Savages est à la base un collectif londonien qui a surtout écumé les salles de concerts de la ville avec pour but primaire, pour ne pas dire primitif, de jouer de la musique.
Et c’est presque tout, puisque les quatre filles ont rejetées (dans un mouvement qu’on imagine plein d’une juste rage de puriste) tout le décorum propre à notre époque, ce qui inclut une mise au ban des téléphones à leurs concerts.
Du coup, Savages, à Rock en Seine ou au Pitchfork Festival Chicago, c’est à la fois une consécration pour les quatre filles du groupe, tout autant qu’une contradiction. Puisque avec ce genre de festival, l’idée d’expériences immersives et personnelles (sans même parler de l’interdiction des mobiles) semble être bien plus dure à mettre en place.
Pas de paillette et sûrement pas de "girl power" pop et trashy du côté du farouche Silence Yourself qui se désigne tout naturellement comme un album post-punk et résolument sombre.
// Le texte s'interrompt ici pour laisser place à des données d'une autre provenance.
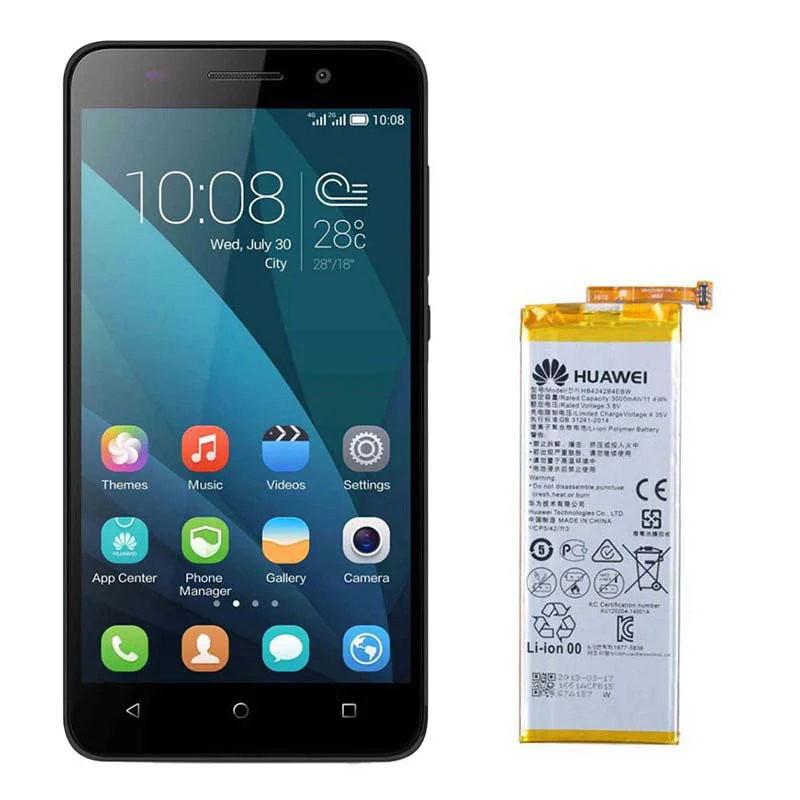 باتری هواوی Huawei Honor 4x اصل
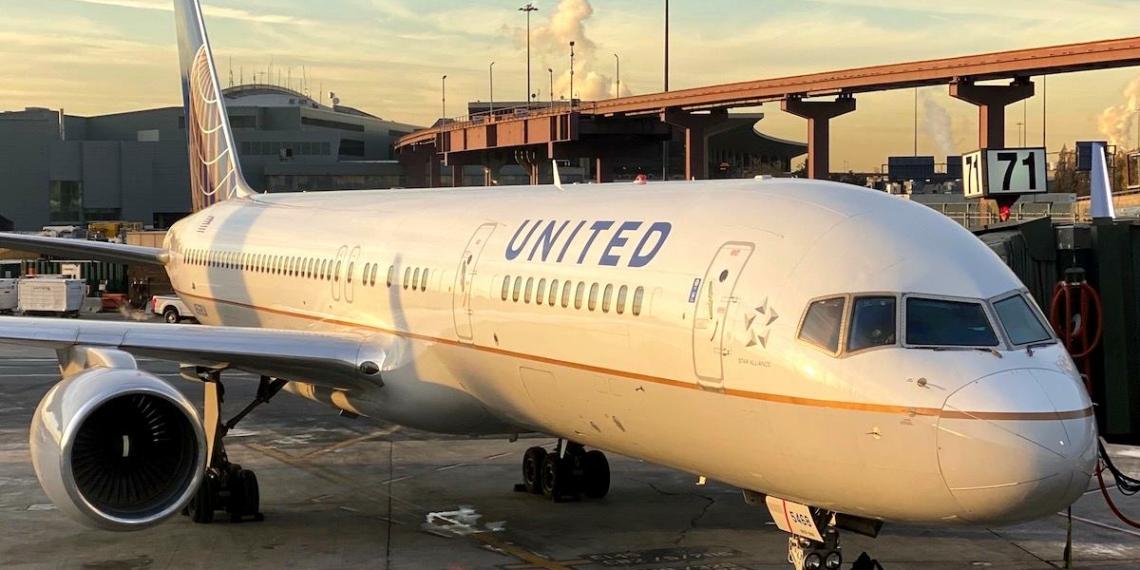 Uh Oh United Airlines Downgrades JFK Flights One Mile - Travel News, Insights & Resources.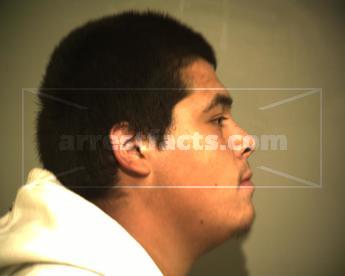 Cristian Oviedo Chavez
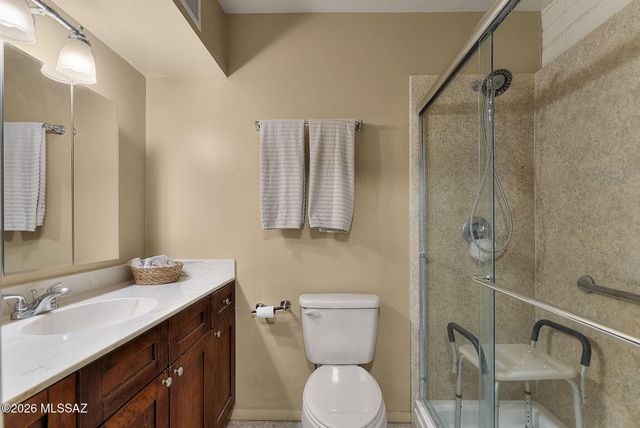 4621 W Tumacacori Drive, Amado, AZ 85645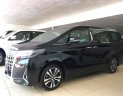 Toyota Alphard Excutive Lounge 2019 - Bán Toyota Alphard Excutive Lounge phiên bản cao cấp nhất Sx 2019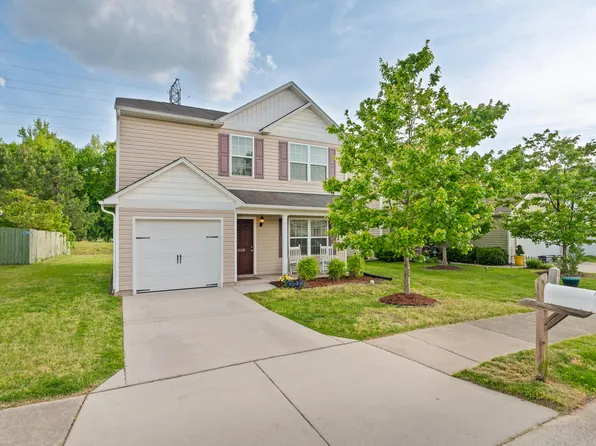 4108 Lady Slipper Ln, Durham, NC 27704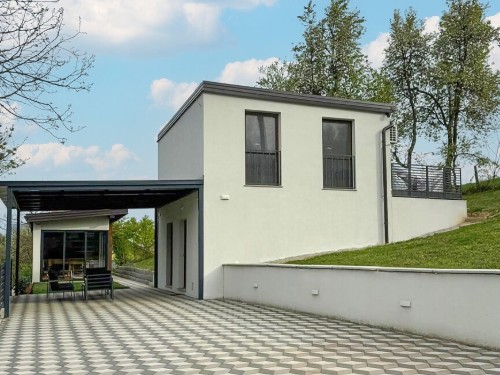 Sommerhus - 4 personer -  - Ulica Augusta Senoe - Karlovac-Duga Resa - 47250 - Duga Resa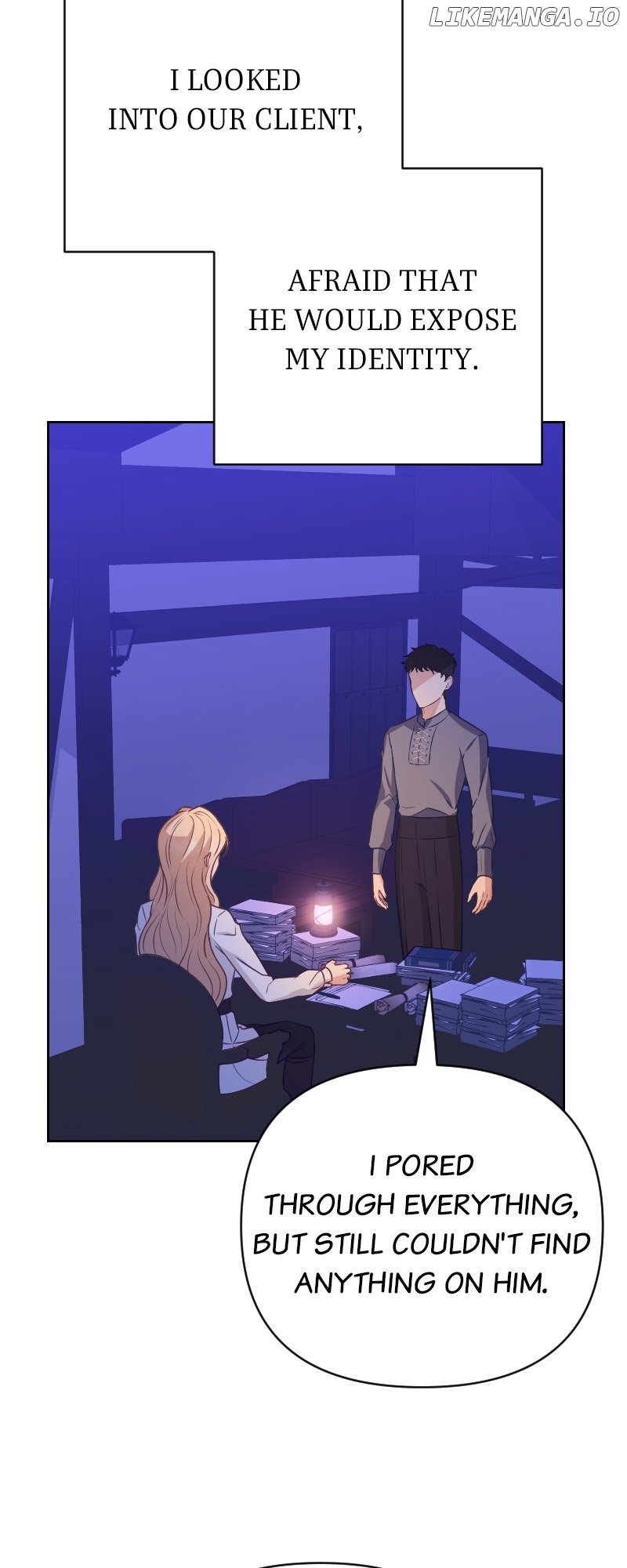 The Obsessive Stud Scammed Me into Marriage Chapter 10 page 59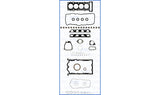 Mbw Cooper S 1.6L Full Gasket Set GO6505A - Austral | Universal Auto Spares
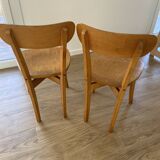 Bistro Chairs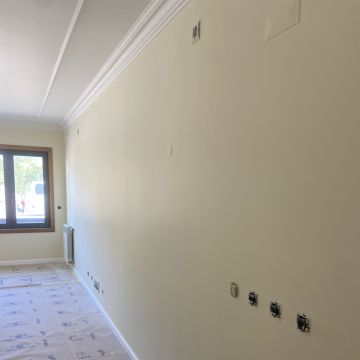 BenVicki Pinturas e Remodelações - Amadora - Instalação de Tubos de Canalização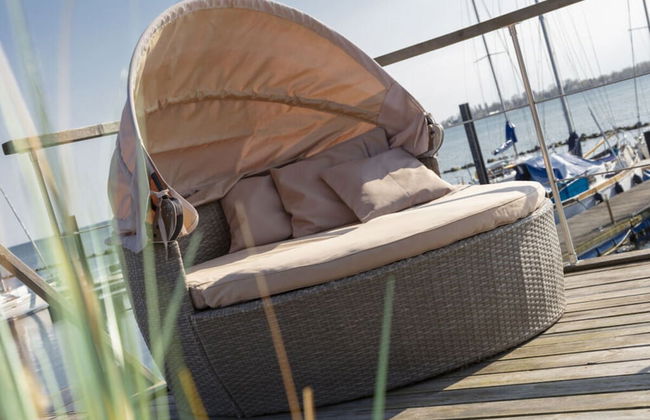 "bosse" Comfortable Holiday Residence - Photo 19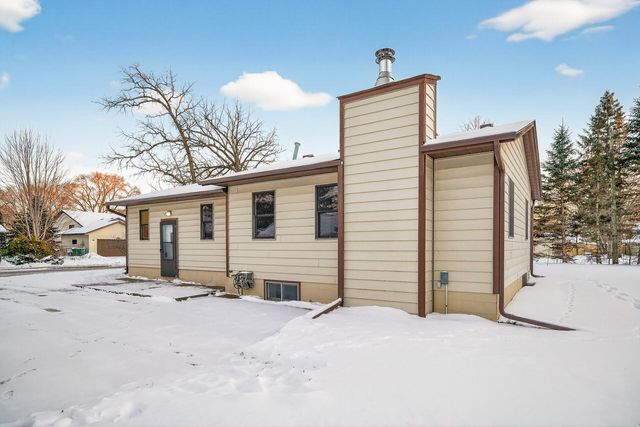 100 Park Avenue, Big Lake, MN 55309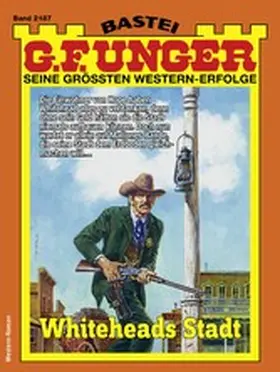 Unger |  G. F. Unger 2187 | eBook | Sack Fachmedien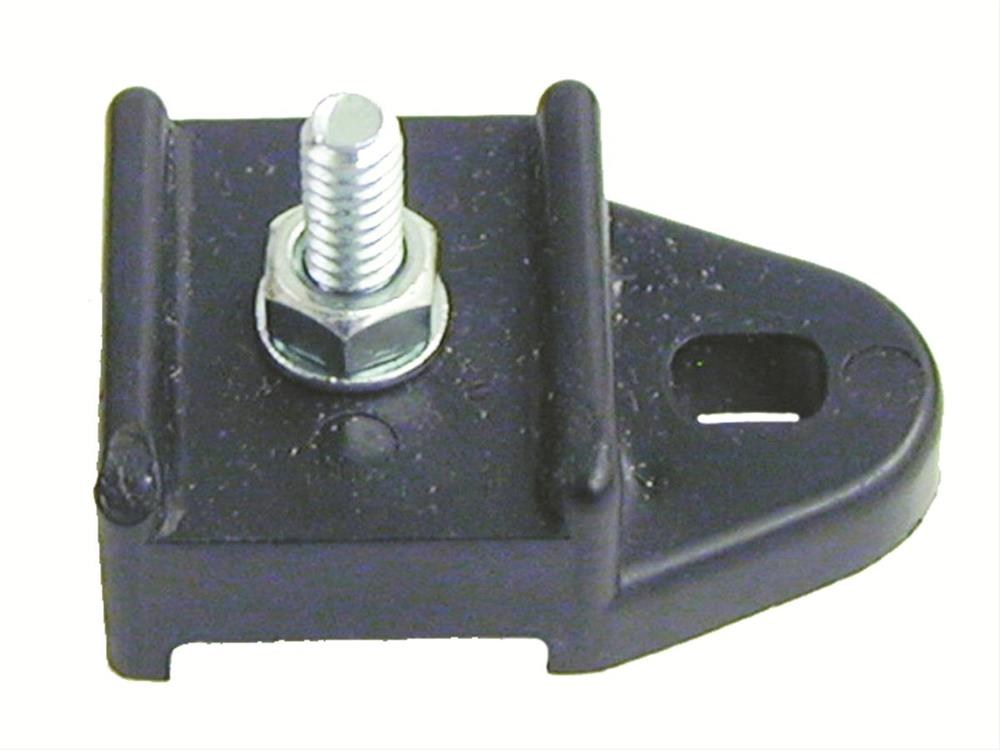 Battery Hold Down Clamp Dalhems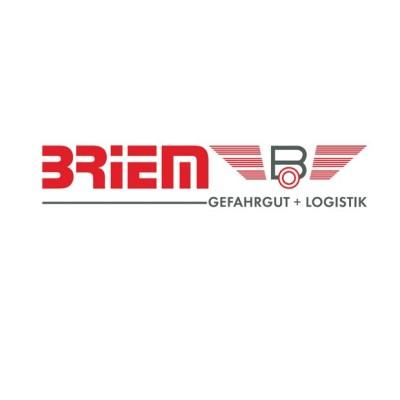 BRIEM Speditions-GmbH's Logo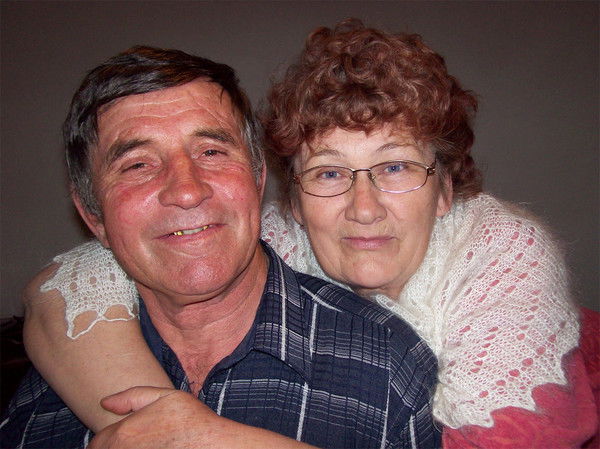 Любовь Зайцева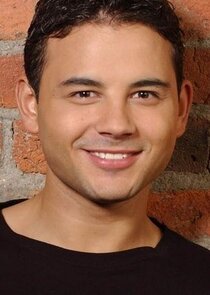 Jason Grimshaw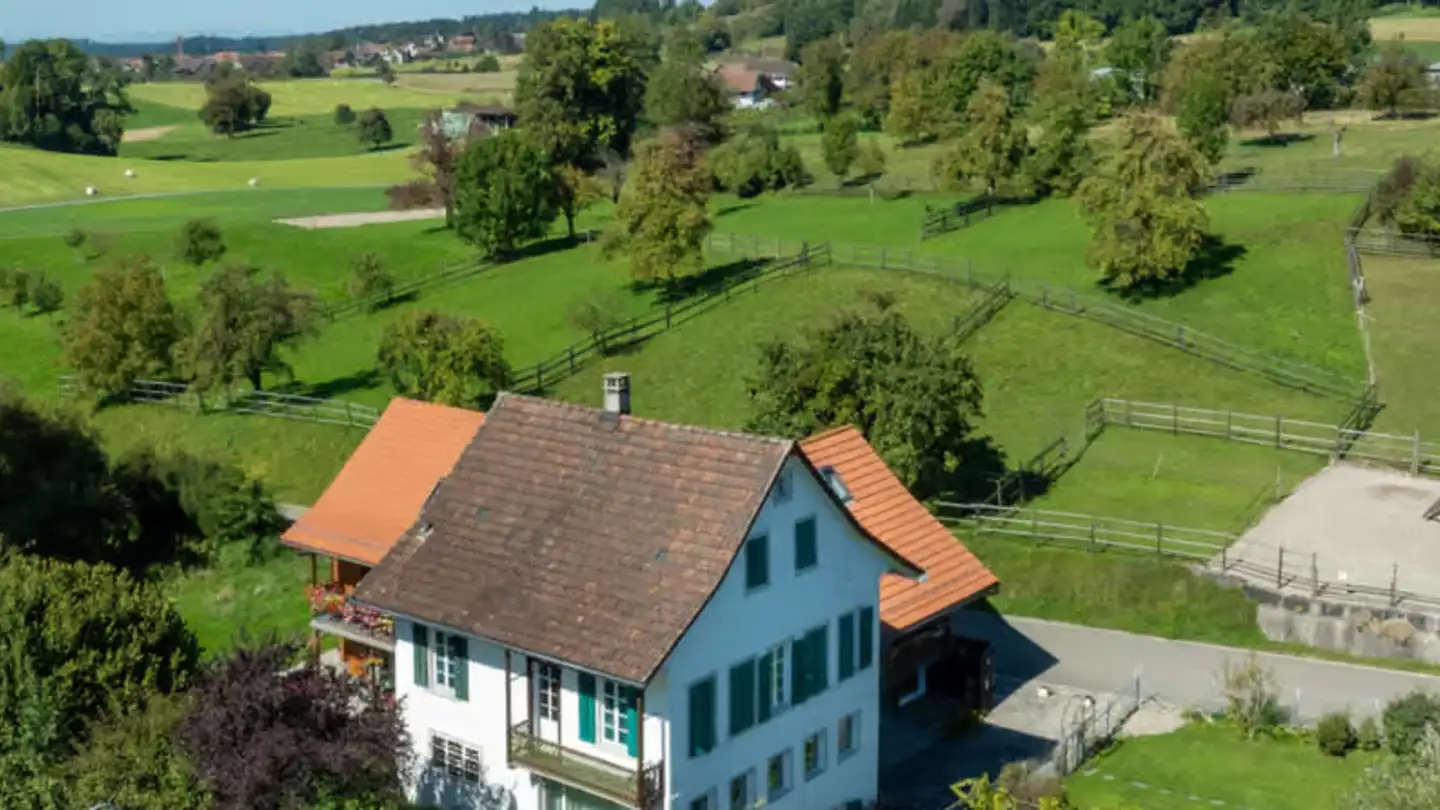 Duplex in affitto - 8615 Freudwil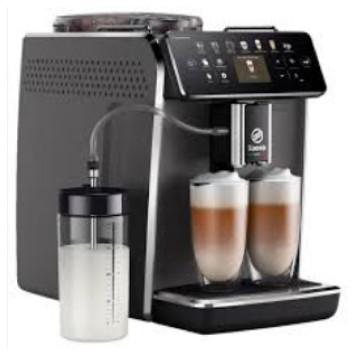 Кофемашина Philips Saeco GranAroma SM6580/10-1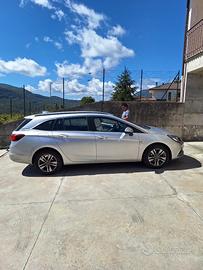 Opel Astra Sports Tourer 1.6 CDTI  anno 2017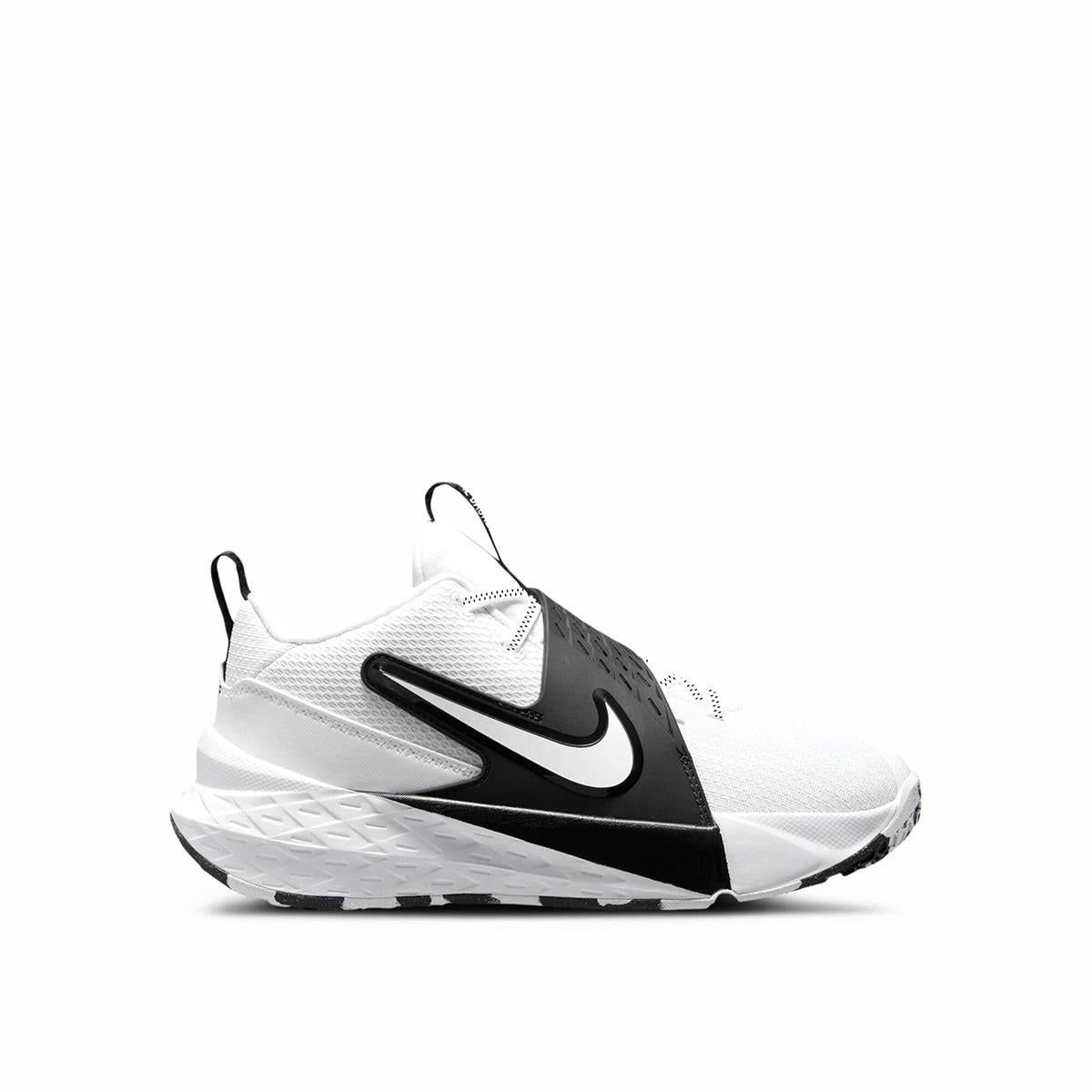 Nike Team Hustle D 12 BAsketbol Ayakkabısı - HF6279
Et le silence, quand les filles ne le demandent pas pour les portables, elles l’imposent tout simplement avec un génie du dépouillement.
"Shut Up", première piste de l’album, s’offre comme une entame féroce qui entre le chant de Jehnny Beth (Camille Berthomier) et l’alternance au premier plan de la guitare de Gemma Thompson et de la basse d’Ayse Hassan, ne désenfle à aucun moment d’un puissant sentiment d’urgence. "Husband" et "I Am Here" et leurs répétitions de rythmes et de paroles réussiront tout comme "Hit Me" à pousser l’urgence du côté de l’hystérie, avec une utilisation de guitares distordues et énervées.
Quant aux propos et aux mots, ils sont crus et réutilisés autant que faire ce peu, marquant un peu plus le dépouillement primaire qui personnifie Savages. D’ailleurs, chaque terme est utilisé avec une redondance presque mathématique qui n’exige pas de réelle compréhension autre que celle du rythme. Une apparente nudité qui confirme le groupe comme un quatuor largement capable de faire passer (d’imposer ?) ses idées tant avec ses instruments qu’avec la voix. Une démarche louable et rafraîchissante qui prend largement à contre-pieds les logiques des productions musicales actuelles.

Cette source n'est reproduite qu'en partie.